The dI/dV spectra along the AA′ direction are shown in Fig. 2c and Supplementary Fig. 2, providing direct evidence of site-dependent change in the local electronic structure; it was observed that the change exhibited the periodicity of the CDW pattern. To provide visual guidance, we denoted four important orbitals (pronounced states at −0.28, −0.75, and +1.0 eV, and a faint state at +0.2 eV) by arrows, and named them as V1, V2, CB, and UHB. ML-1T NbSe2 is generally believed to be a Mott insulator36,38,39, thus the states right above and below the Fermi level probably are the upper and lower Hubbard band (UHB and LHB), respectively. Our GGA + U calculation confirmed the Mott insulator nature and show the LHB is highly mixed with valence band (VB). Whereas energy change was not observed in these orbitals, the intensities of these orbitals changed significantly based on the CDW sites (e.g., along the AA′ direction). For example, at the top sites, the V1 and V2 orbitals were strong, whereas the CB and UHB were weak; meanwhile, this trend was reversed at the hollow sites.

To distinguish the spatial distribution change in UHB state at +0.2 eV, we obtained high-precision line dI/dV spectra, which clearly show orbital feature with a periodicity (see Fig. 2d). Interestingly, the UHB exhibited a contrasting reversal with respect to the CDW topography (as denoted by the dashed-line in Fig. 2b and d). For example, at the bright top sites of the CDW superlattice, where the isolated dz2 orbitals of Nb atoms were located, the UHB was faint. Hence, our observations reveal that the Mott UHB was spatially distributed away from the dz2 orbital at the center of the CDW unit (the SOD).

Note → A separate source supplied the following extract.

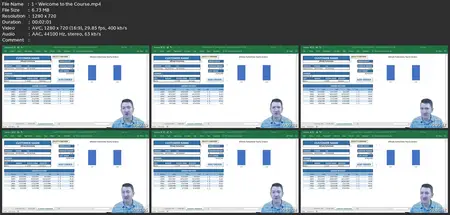 Microsoft Excel Data Analysis And Dashboard Reporting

To further investigate the characteristics of these four states, we conducted first-principles calculations on the band structure of ML-1T NbSe2 under different conditions. At this stage, we considered the freestanding monolayer to obtain the pristine properties. Through a comparison of four different conditions (Supplementary Fig. 3), the following were observed: When both the spin polarization and GGA + U approximation were considered, a Mott gap size of ~0.42 eV was obtained with a Coulomb interaction U of 2.8 eV, as shown in Fig. 2e. The values of the Mott gap and U were similar to those reported in recent literature regarding NbSe236,39,40. Our combination of experimental dI/dV and theoretical study elucidated the characteristics of the faint state at +0.2 eV as the UHB. Furthermore, our calculation highlighted that the opening of the Mott gap was a result of the coupling between the Mott and magnetic effects. Notably, the UHB was isolated from the conduction band with a spin-down state that originated from the contribution of the dz2 orbital of the Nb1 atom, whereas the corresponding LHB was mixed significantly with the VB owing to the hybridization of the spin-up state with other orbitals.

After identifying these four important bands from the line dI/dV spectra, we further performed point spectroscopy and bias-dependent STM imaging (for 2D dI/dV mapping, see Supplementary Fig. 4) to provide a more comprehensive study regarding the spatial distribution of the electronic states. As shown in Fig. 3a, in the three curves obtained from the three typical sites (Top, Hollow-1, and Hollow-2), the main peak positions remained the same, whereas the peak intensities changed. To better describe this change, the top sites were labeled by yellow dots (as shown in Fig. 3b–e) to signify the same or equivalent sites.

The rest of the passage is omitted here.